Problem to solve :: Give back each entry verbatim.

Source material ::
-- Opening Marker --
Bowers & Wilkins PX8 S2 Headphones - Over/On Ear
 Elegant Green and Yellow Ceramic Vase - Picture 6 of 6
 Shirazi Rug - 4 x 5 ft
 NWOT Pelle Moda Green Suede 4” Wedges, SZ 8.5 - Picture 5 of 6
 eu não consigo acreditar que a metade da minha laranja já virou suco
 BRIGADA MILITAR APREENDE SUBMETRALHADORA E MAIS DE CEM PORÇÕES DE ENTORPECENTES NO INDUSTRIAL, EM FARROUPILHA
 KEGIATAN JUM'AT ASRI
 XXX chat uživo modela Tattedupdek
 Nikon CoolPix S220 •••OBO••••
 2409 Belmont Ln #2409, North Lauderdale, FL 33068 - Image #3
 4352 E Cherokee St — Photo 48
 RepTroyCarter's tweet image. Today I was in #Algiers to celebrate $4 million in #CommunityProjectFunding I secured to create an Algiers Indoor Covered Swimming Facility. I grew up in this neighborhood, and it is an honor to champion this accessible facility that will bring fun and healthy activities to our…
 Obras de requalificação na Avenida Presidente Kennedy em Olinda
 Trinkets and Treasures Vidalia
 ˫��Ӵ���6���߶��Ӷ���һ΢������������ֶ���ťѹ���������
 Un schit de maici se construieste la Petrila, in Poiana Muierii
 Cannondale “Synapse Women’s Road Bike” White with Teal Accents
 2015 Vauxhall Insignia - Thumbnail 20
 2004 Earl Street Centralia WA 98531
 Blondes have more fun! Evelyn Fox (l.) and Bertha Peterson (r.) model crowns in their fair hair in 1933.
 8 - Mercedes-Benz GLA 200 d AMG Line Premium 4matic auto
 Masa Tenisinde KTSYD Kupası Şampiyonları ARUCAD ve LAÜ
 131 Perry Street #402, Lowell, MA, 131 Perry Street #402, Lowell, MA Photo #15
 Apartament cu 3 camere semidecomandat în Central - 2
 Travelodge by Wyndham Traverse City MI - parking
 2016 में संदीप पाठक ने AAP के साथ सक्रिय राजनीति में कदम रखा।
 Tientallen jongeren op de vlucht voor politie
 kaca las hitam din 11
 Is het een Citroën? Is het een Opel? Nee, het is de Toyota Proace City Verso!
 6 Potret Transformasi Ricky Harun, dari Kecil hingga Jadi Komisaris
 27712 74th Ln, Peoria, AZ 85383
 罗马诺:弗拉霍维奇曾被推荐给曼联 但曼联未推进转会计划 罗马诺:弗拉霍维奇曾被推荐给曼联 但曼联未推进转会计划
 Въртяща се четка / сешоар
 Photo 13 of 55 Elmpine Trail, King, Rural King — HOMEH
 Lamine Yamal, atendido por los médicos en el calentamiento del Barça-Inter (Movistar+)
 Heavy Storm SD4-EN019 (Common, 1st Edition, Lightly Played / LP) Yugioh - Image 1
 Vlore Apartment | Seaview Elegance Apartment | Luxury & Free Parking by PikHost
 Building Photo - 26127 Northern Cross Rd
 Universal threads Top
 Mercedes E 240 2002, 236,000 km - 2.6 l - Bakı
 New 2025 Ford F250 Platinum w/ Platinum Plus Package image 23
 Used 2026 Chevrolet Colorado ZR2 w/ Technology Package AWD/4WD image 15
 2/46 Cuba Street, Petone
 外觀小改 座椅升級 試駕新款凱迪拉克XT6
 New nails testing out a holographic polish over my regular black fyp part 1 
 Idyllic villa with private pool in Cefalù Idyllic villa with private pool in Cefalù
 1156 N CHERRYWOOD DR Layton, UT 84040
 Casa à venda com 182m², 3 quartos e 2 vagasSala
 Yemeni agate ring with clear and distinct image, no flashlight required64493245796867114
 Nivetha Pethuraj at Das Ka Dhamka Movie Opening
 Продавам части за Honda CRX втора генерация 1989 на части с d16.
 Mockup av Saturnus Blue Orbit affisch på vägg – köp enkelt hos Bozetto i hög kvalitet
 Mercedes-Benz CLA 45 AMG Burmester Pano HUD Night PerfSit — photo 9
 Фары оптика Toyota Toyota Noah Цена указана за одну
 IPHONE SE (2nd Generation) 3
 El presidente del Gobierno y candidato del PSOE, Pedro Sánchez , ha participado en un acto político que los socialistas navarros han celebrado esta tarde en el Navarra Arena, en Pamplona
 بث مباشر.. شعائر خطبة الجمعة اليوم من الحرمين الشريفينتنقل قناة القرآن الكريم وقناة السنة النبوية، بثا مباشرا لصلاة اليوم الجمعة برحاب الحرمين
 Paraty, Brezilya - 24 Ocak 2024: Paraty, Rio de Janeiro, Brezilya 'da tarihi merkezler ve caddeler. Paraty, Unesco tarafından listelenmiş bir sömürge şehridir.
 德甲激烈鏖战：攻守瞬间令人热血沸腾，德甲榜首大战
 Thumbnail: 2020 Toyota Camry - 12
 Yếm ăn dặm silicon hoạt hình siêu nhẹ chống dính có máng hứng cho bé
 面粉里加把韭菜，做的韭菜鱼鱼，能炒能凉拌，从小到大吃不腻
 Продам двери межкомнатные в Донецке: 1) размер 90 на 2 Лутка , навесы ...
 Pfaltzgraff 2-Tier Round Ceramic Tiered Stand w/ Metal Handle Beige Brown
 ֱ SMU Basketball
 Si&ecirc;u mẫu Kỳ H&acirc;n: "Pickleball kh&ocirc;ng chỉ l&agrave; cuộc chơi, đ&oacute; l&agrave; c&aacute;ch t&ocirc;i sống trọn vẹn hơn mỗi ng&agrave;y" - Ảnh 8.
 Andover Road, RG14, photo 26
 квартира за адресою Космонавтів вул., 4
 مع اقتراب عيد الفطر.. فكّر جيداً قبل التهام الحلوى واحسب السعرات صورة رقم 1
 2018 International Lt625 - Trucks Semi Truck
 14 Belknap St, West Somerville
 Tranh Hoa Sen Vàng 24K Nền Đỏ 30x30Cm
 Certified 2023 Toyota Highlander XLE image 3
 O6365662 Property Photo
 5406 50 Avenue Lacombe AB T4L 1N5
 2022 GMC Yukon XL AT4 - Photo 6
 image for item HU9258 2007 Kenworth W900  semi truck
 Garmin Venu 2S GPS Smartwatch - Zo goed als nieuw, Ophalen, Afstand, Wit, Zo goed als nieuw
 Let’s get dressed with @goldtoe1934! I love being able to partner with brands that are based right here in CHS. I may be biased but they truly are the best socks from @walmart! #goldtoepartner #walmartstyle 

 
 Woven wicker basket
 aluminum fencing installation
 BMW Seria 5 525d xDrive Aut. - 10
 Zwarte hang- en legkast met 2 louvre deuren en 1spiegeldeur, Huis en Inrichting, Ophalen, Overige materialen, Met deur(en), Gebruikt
-- Closing Marker --
Output of the exercise ::
Bowers & Wilkins PX8 S2 Headphones - Over/On Ear
 Elegant Green and Yellow Ceramic Vase - Picture 6 of 6
 Shirazi Rug - 4 x 5 ft
 NWOT Pelle Moda Green Suede 4” Wedges, SZ 8.5 - Picture 5 of 6
 eu não consigo acreditar que a metade da minha laranja já virou suco
 BRIGADA MILITAR APREENDE SUBMETRALHADORA E MAIS DE CEM PORÇÕES DE ENTORPECENTES NO INDUSTRIAL, EM FARROUPILHA
 KEGIATAN JUM'AT ASRI
 XXX chat uživo modela Tattedupdek
 Nikon CoolPix S220 •••OBO••••
 2409 Belmont Ln #2409, North Lauderdale, FL 33068 - Image #3
 4352 E Cherokee St — Photo 48
 RepTroyCarter's tweet image. Today I was in #Algiers to celebrate $4 million in #CommunityProjectFunding I secured to create an Algiers Indoor Covered Swimming Facility. I grew up in this neighborhood, and it is an honor to champion this accessible facility that will bring fun and healthy activities to our…
 Obras de requalificação na Avenida Presidente Kennedy em Olinda
 Trinkets and Treasures Vidalia
 ˫��Ӵ���6���߶��Ӷ���һ΢������������ֶ���ťѹ���������
 Un schit de maici se construieste la Petrila, in Poiana Muierii
 Cannondale “Synapse Women’s Road Bike” White with Teal Accents
 2015 Vauxhall Insignia - Thumbnail 20
 2004 Earl Street Centralia WA 98531
 Blondes have more fun! Evelyn Fox (l.) and Bertha Peterson (r.) model crowns in their fair hair in 1933.
 8 - Mercedes-Benz GLA 200 d AMG Line Premium 4matic auto
 Masa Tenisinde KTSYD Kupası Şampiyonları ARUCAD ve LAÜ
 131 Perry Street #402, Lowell, MA, 131 Perry Street #402, Lowell, MA Photo #15
 Apartament cu 3 camere semidecomandat în Central - 2
 Travelodge by Wyndham Traverse City MI - parking
 2016 में संदीप पाठक ने AAP के साथ सक्रिय राजनीति में कदम रखा।
 Tientallen jongeren op de vlucht voor politie
 kaca las hitam din 11
 Is het een Citroën? Is het een Opel? Nee, het is de Toyota Proace City Verso!
 6 Potret Transformasi Ricky Harun, dari Kecil hingga Jadi Komisaris
 27712 74th Ln, Peoria, AZ 85383
 罗马诺:弗拉霍维奇曾被推荐给曼联 但曼联未推进转会计划 罗马诺:弗拉霍维奇曾被推荐给曼联 但曼联未推进转会计划
 Въртяща се четка / сешоар
 Photo 13 of 55 Elmpine Trail, King, Rural King — HOMEH
 Lamine Yamal, atendido por los médicos en el calentamiento del Barça-Inter (Movistar+)
 Heavy Storm SD4-EN019 (Common, 1st Edition, Lightly Played / LP) Yugioh - Image 1
 Vlore Apartment | Seaview Elegance Apartment | Luxury & Free Parking by PikHost
 Building Photo - 26127 Northern Cross Rd
 Universal threads Top
 Mercedes E 240 2002, 236,000 km - 2.6 l - Bakı
 New 2025 Ford F250 Platinum w/ Platinum Plus Package image 23
 Used 2026 Chevrolet Colorado ZR2 w/ Technology Package AWD/4WD image 15
 2/46 Cuba Street, Petone
 外觀小改 座椅升級 試駕新款凱迪拉克XT6
 New nails testing out a holographic polish over my regular black fyp part 1 
 Idyllic villa with private pool in Cefalù Idyllic villa with private pool in Cefalù
 1156 N CHERRYWOOD DR Layton, UT 84040
 Casa à venda com 182m², 3 quartos e 2 vagasSala
 Yemeni agate ring with clear and distinct image, no flashlight required64493245796867114
 Nivetha Pethuraj at Das Ka Dhamka Movie Opening
 Продавам части за Honda CRX втора генерация 1989 на части с d16.
 Mockup av Saturnus Blue Orbit affisch på vägg – köp enkelt hos Bozetto i hög kvalitet
 Mercedes-Benz CLA 45 AMG Burmester Pano HUD Night PerfSit — photo 9
 Фары оптика Toyota Toyota Noah Цена указана за одну
 IPHONE SE (2nd Generation) 3
 El presidente del Gobierno y candidato del PSOE, Pedro Sánchez , ha participado en un acto político que los socialistas navarros han celebrado esta tarde en el Navarra Arena, en Pamplona
 بث مباشر.. شعائر خطبة الجمعة اليوم من الحرمين الشريفينتنقل قناة القرآن الكريم وقناة السنة النبوية، بثا مباشرا لصلاة اليوم الجمعة برحاب الحرمين
 Paraty, Brezilya - 24 Ocak 2024: Paraty, Rio de Janeiro, Brezilya 'da tarihi merkezler ve caddeler. Paraty, Unesco tarafından listelenmiş bir sömürge şehridir.
 德甲激烈鏖战：攻守瞬间令人热血沸腾，德甲榜首大战
 Thumbnail: 2020 Toyota Camry - 12
 Yếm ăn dặm silicon hoạt hình siêu nhẹ chống dính có máng hứng cho bé
 面粉里加把韭菜，做的韭菜鱼鱼，能炒能凉拌，从小到大吃不腻
 Продам двери межкомнатные в Донецке: 1) размер 90 на 2 Лутка , навесы ...
 Pfaltzgraff 2-Tier Round Ceramic Tiered Stand w/ Metal Handle Beige Brown
 ֱ SMU Basketball
 Si&ecirc;u mẫu Kỳ H&acirc;n: "Pickleball kh&ocirc;ng chỉ l&agrave; cuộc chơi, đ&oacute; l&agrave; c&aacute;ch t&ocirc;i sống trọn vẹn hơn mỗi ng&agrave;y" - Ảnh 8.
 Andover Road, RG14, photo 26
 квартира за адресою Космонавтів вул., 4
 مع اقتراب عيد الفطر.. فكّر جيداً قبل التهام الحلوى واحسب السعرات صورة رقم 1
 2018 International Lt625 - Trucks Semi Truck
 14 Belknap St, West Somerville
 Tranh Hoa Sen Vàng 24K Nền Đỏ 30x30Cm
 Certified 2023 Toyota Highlander XLE image 3
 O6365662 Property Photo
 5406 50 Avenue Lacombe AB T4L 1N5
 2022 GMC Yukon XL AT4 - Photo 6
 image for item HU9258 2007 Kenworth W900  semi truck
 Garmin Venu 2S GPS Smartwatch - Zo goed als nieuw, Ophalen, Afstand, Wit, Zo goed als nieuw
 Let’s get dressed with @goldtoe1934! I love being able to partner with brands that are based right here in CHS. I may be biased but they truly are the best socks from @walmart! #goldtoepartner #walmartstyle 

 
 Woven wicker basket
 aluminum fencing installation
 BMW Seria 5 525d xDrive Aut. - 10
 Zwarte hang- en legkast met 2 louvre deuren en 1spiegeldeur, Huis en Inrichting, Ophalen, Overige materialen, Met deur(en), Gebruikt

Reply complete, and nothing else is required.